Two Northwest House Democrats turned thumbs down on the conference committee stimulus package. Idaho's Walt Minnick, coming from the Blue Dog conservative side, wasn't hard to understand; like most of the other critics, he thought there was too much spending and too little likelihood the bill would get the job done. And he had the credibility of having developed an alternative of his own: “My bill was a high-powered rifle. This bill is a shotgun, and it will add nearly $1 trillion we do not have to a debt already out of control.” So, siding with the Republicans.
But then there too was the nay from Oregon's Peter DeFazio - for almost exactly the opposite reasons. Too many cuts from the bill for spending proposals, in DeFazio's view.

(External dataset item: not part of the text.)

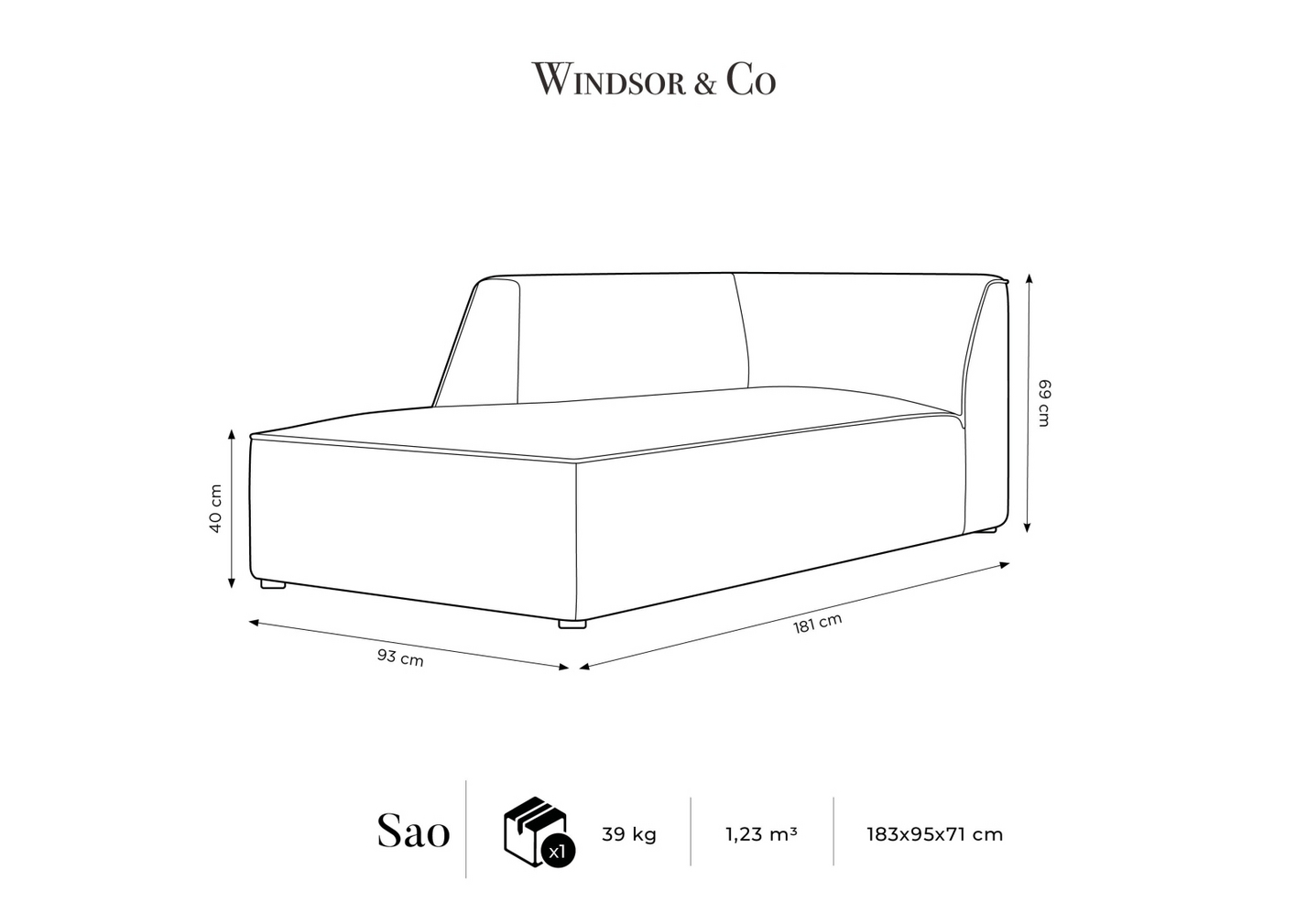 Cosmopolitan Design venstrevendt chaiselong, "Siena", 1-personers, 93 × 181 × 69 cm, Scala, sorte plastben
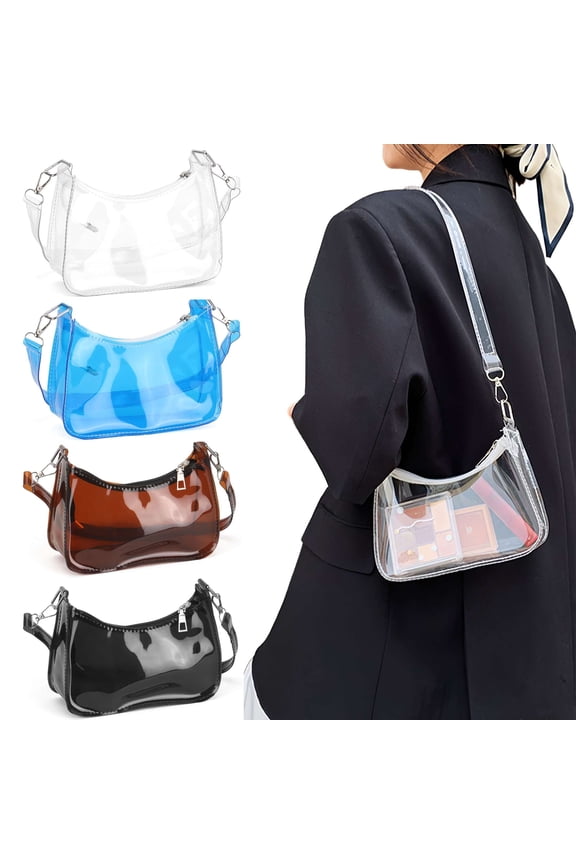 Women Clear Tote Shoulder Bag Stadium Approved Small Jelly Underarm Bag Crossbody Handbag Transparent PVC Clutch Purse for Concerts Sports Events Travel - Clear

Of course, no one knows exactly what will work best to pump some adrenaline into the economy.
Some further attention ought to go, though, to one suggestion DeFazio had - a procedural one applying to the Senate.
The idea in the Senate is that to pass controversial legislation, you have to have not just a simple majority (50 senators and the vice president, if all are present and voting) but 60 votes to override a filibuster. The Senate rule basically is that you can't stop a senator from speaking on the floor - for hours or days - unless you round up 60 votes for "cloture." In recent years, we haven't seen many real filibusters, instead abbreviating to the idea that you need 60 votes to force a bill to the floor if the minority says it even might try to filibuster.
DeFazio's suggestion (according to the Bend Bulletin): Eliminate the niceties. If the Republicans, or anyone else, wants to filibuster, let 'em filibuster. Make 'em work for it. Let it all out there. For that matter, entertain us - and point up what's at stake at the same time.